Thursday, September 23, 2010

The Vince Cable marketing strategy

Vince Cable's conference speech has attracted a fair amount of comment. Dave Osler dismisses his anti-banker rhetoric as populism, while Chris Dillow finds it incoherent. The Daily Telegraph responded pretty much as you might expect - and practically everyone agrees that in the absence of any concrete proposals for banking reform, Cable's speech was fairly meaningless.

I would agree with this but argue that the significance of the speech lies in the politics. Cable's rhetoric about the anti-competitive behaviour of capitalists provides a neat illustration of what he was doing. Firms can try and defeat their competition by under-cutting their rivals, providing a better product and/or lobbying government for some kind of protection, as Chris reminds us. But something else they do is to try and differentiate a product that might in reality be not much different from that of their rivals. This can become anti-competitive when big firms spend so much on advertising that it effectively acts as a barrier to entry for smaller producers.

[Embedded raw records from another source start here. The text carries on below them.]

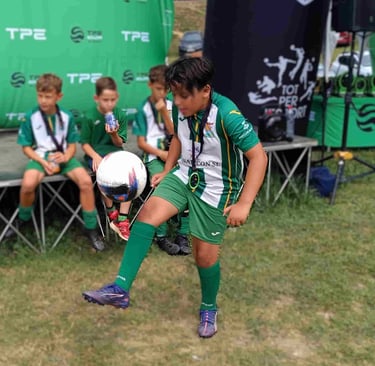 Niños aprendiendo fútbol freestyle en una taller durante una animación de fútbol en Barcelona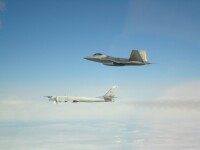 Bombardiere și avioane de vânătoare ruse, interceptate de F-22 americane
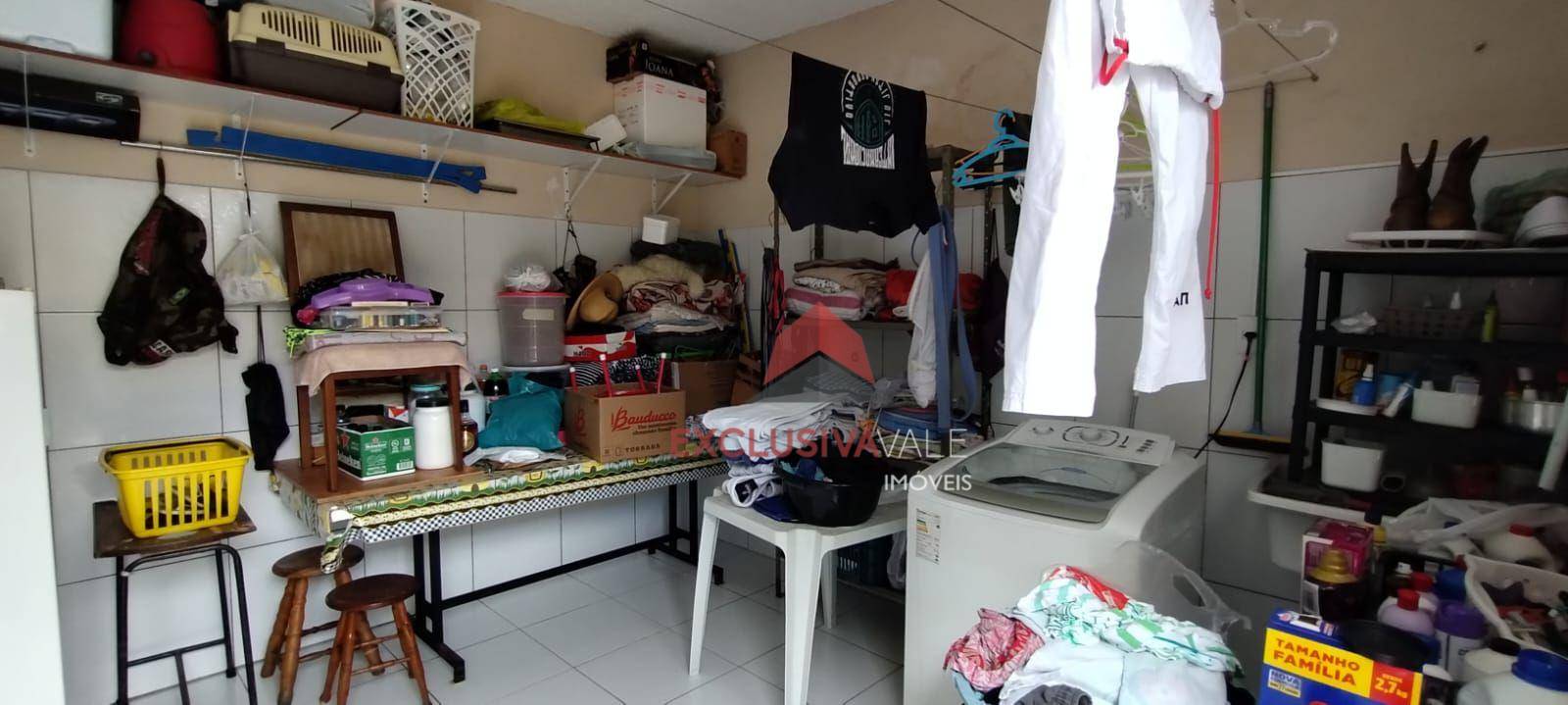 Casa à venda com 5 quartos, 290m² - Foto 18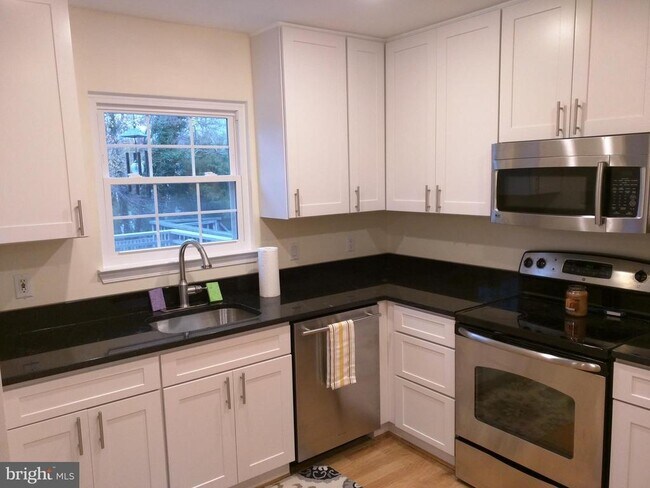 23 Mooring Point Ct in Annapolis, MD - Building Photo - Building Photo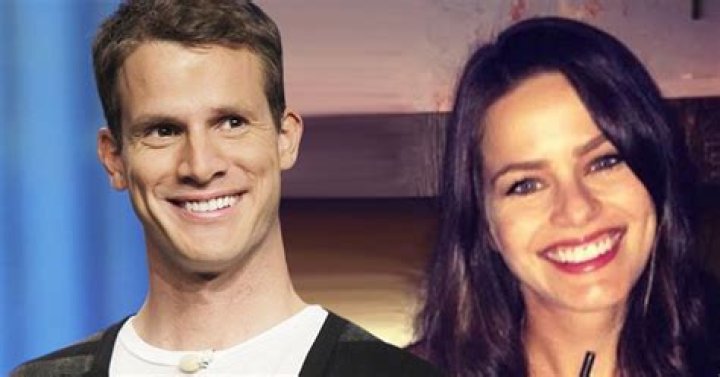Daniel Tosh Biography Age, Wife (Carly Hallam), Kids, Career & Net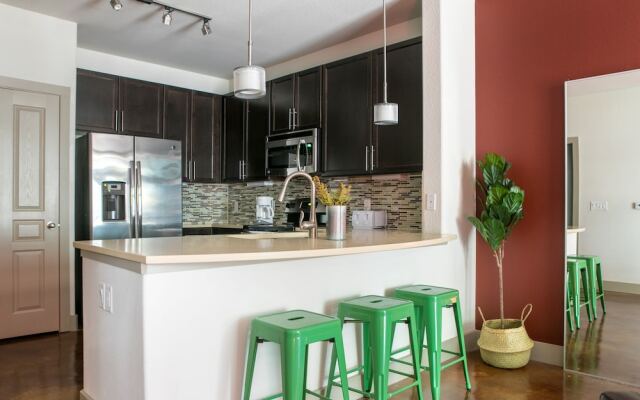 WanderJaunt - North Austin Apartments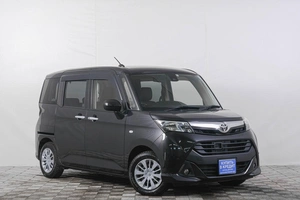 Хетчбэк Toyota Tank 2018 года, 999000 рублей, Кемерово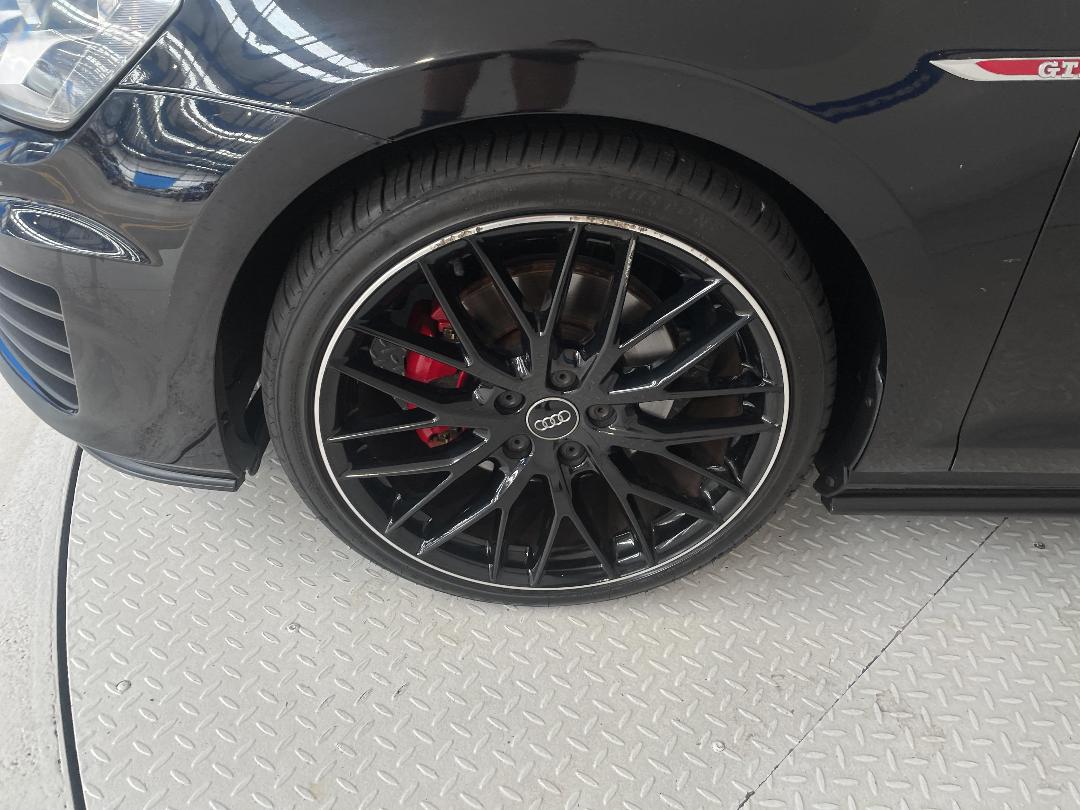 Photo '10' of Volkswagen Golf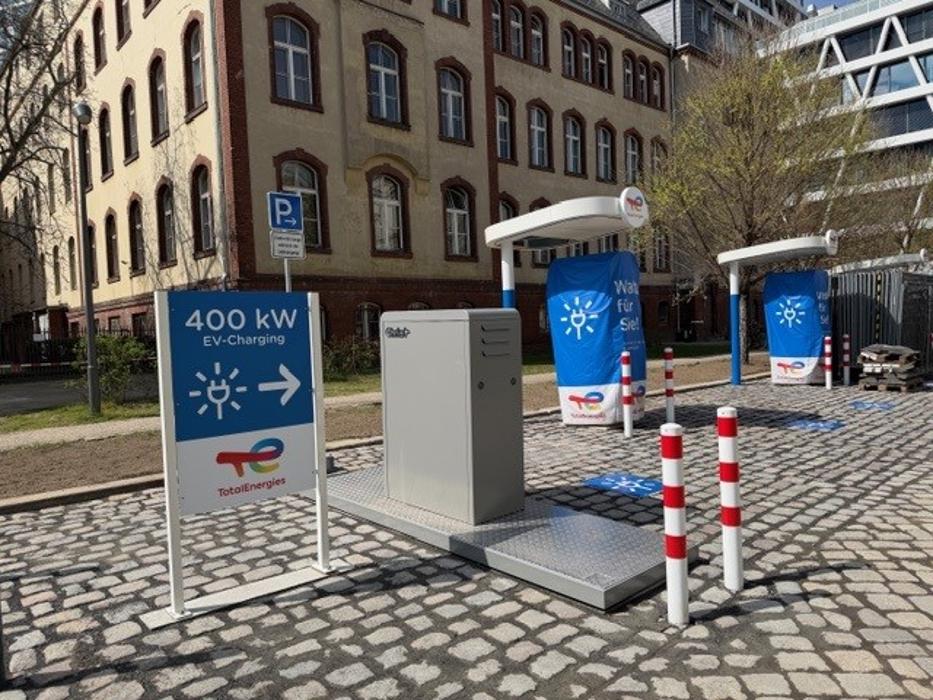 TotalEnergies Charging Station, Am Hamburger Bahnhof Invalidenstrasse in Berlin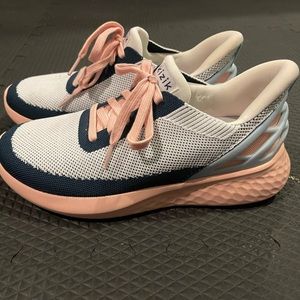 Women’s 8.5 wide Kizik Shoes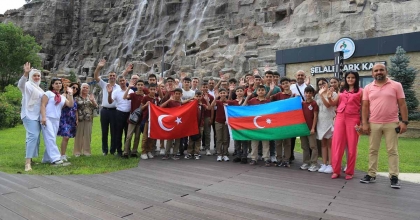AZERİ ÖĞRENCİLER SEYİR TEPESİ’NE HAYRAN KALDI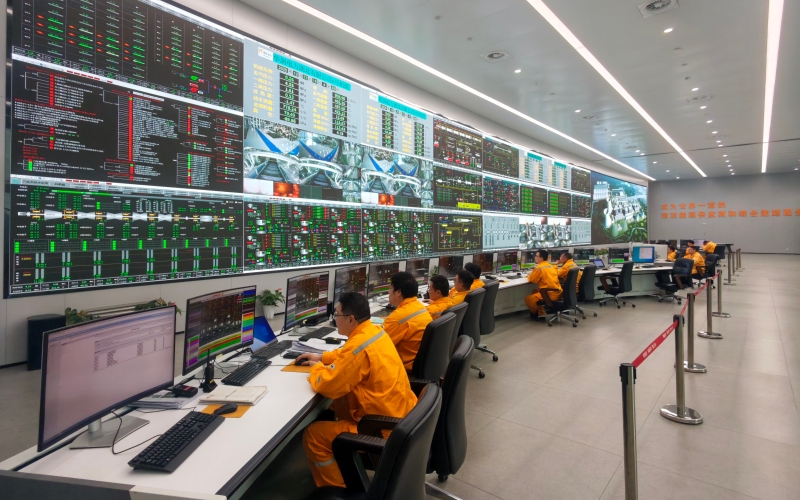 華潤電力湖北有限公司電力集控室。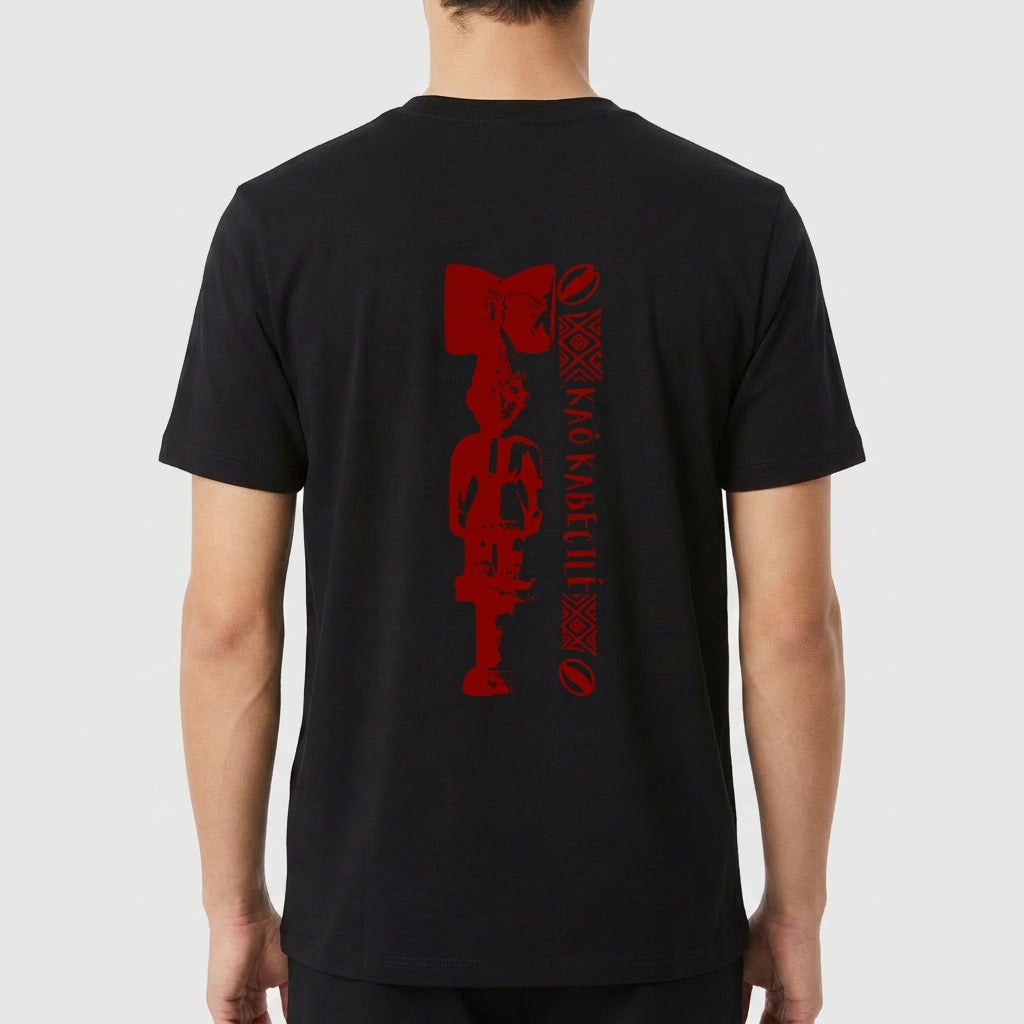 Camiseta com estampa frontal de círculo vazado e estampa traseira de símbolos verticais complexos ao lado de caracteres estilizados, ambos em estilo tribal.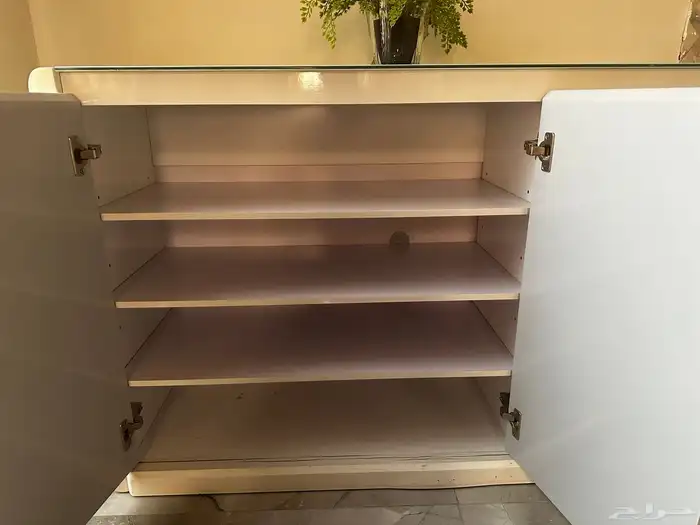 خزانه للبيع شبه جديده تصلح للجزم او ادوات البيت ب 350. 3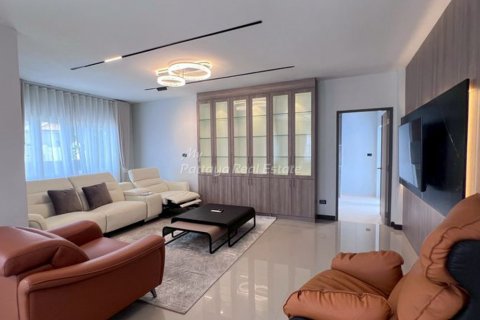 House in Bang Lamung, Thailand 5 bedrooms № 178977 - photo 3
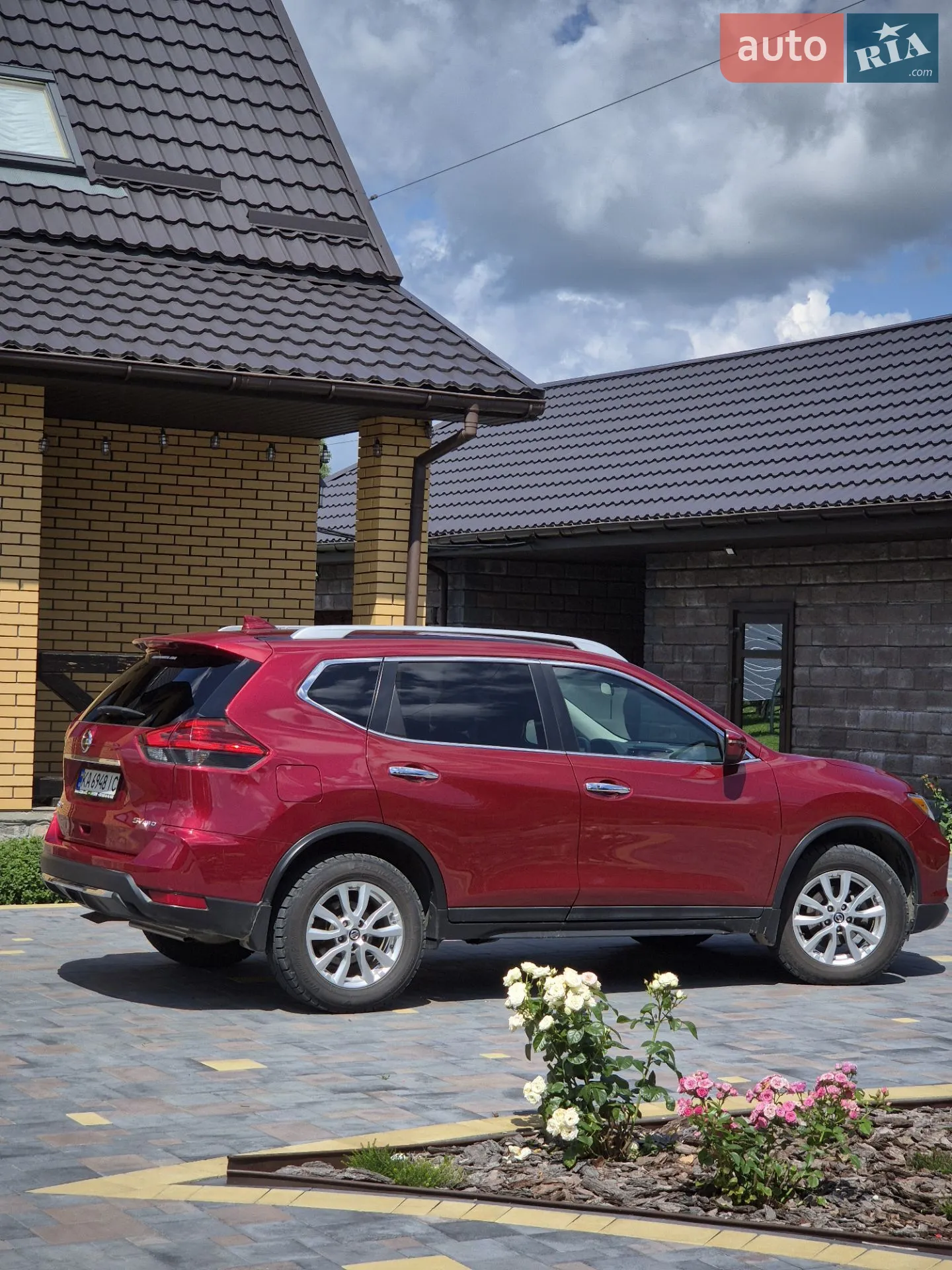 2017 Nissan Rogue - мініатюра 2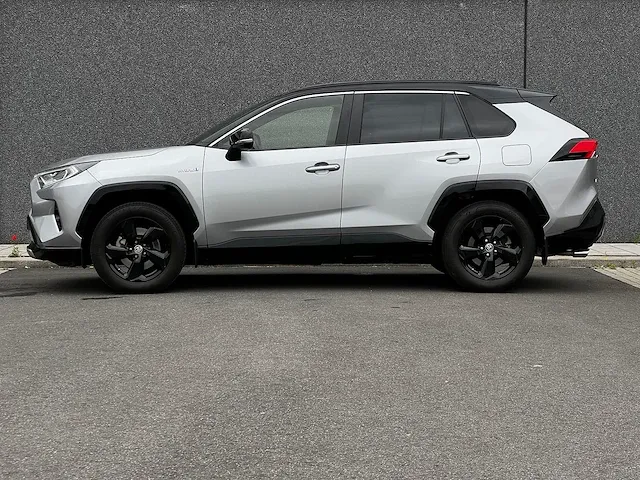 Toyota rav4 2.5 hybrid bi-tone | x-002-bf - afbeelding 20 van  41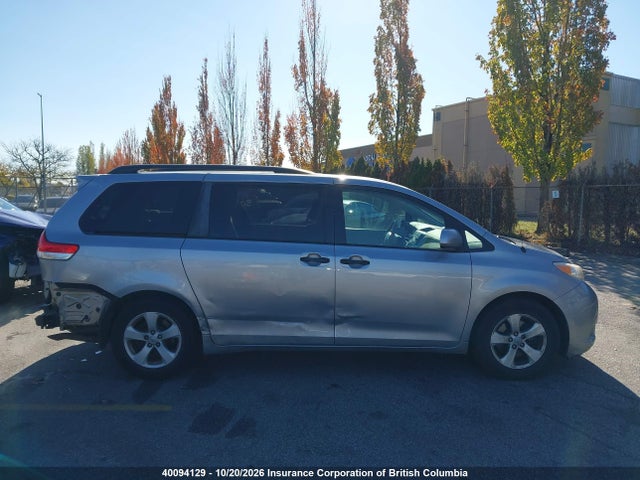 Продажа на аукционе авто 2011 Toyota Sienna, vin: 5TDZK3DC4BS082113, номер лота: 40094129
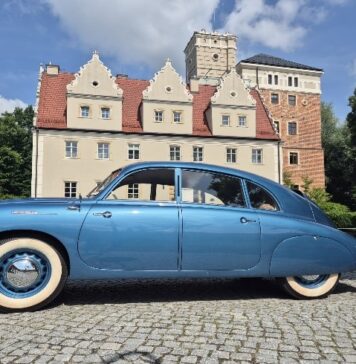 MotoClassic 2025 Wrocław już w sobotę. Sprawdźcie, czego spodziewać się podczas tego festiwalu motoryzacyjnego! Na zdjęciu zabytkowy samochód na tle Zamku Topacz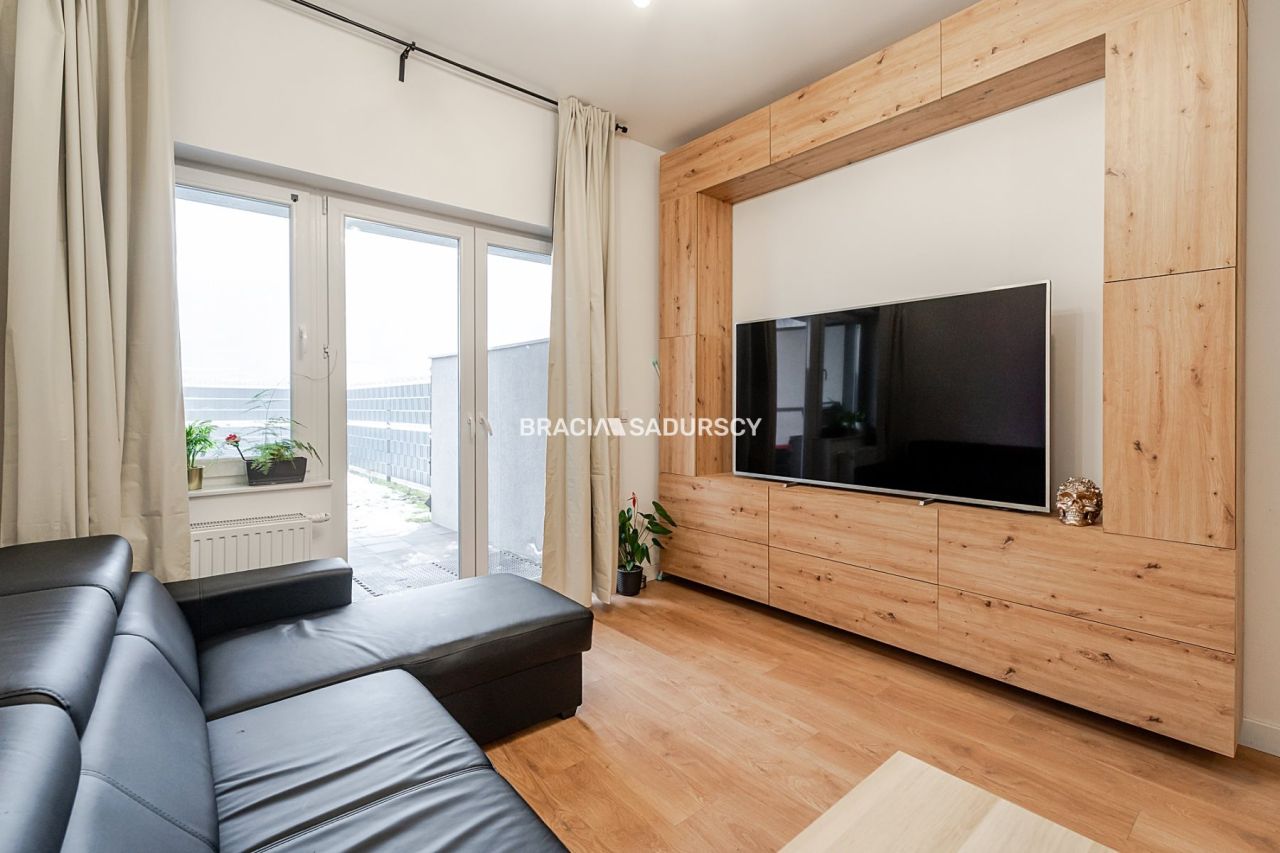 Mieszkanie 3-pokojowe Kraków Nowa Huta, ul. Niebyła. Zdjęcie 5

Whether the media coverage that Vince gets is analogous to this latter feature of product differentiation, I couldn't say - but the first bit is, I think. What Cable was on about is secondary to why he was doing it. It was merely an attempt to pretend that two neo-liberal products with little to distinguish them, are in reality very different. Predictably the Lib Dem party faithful went for it; what is quite impressive is the extent to which the rightwing press have fallen for it too.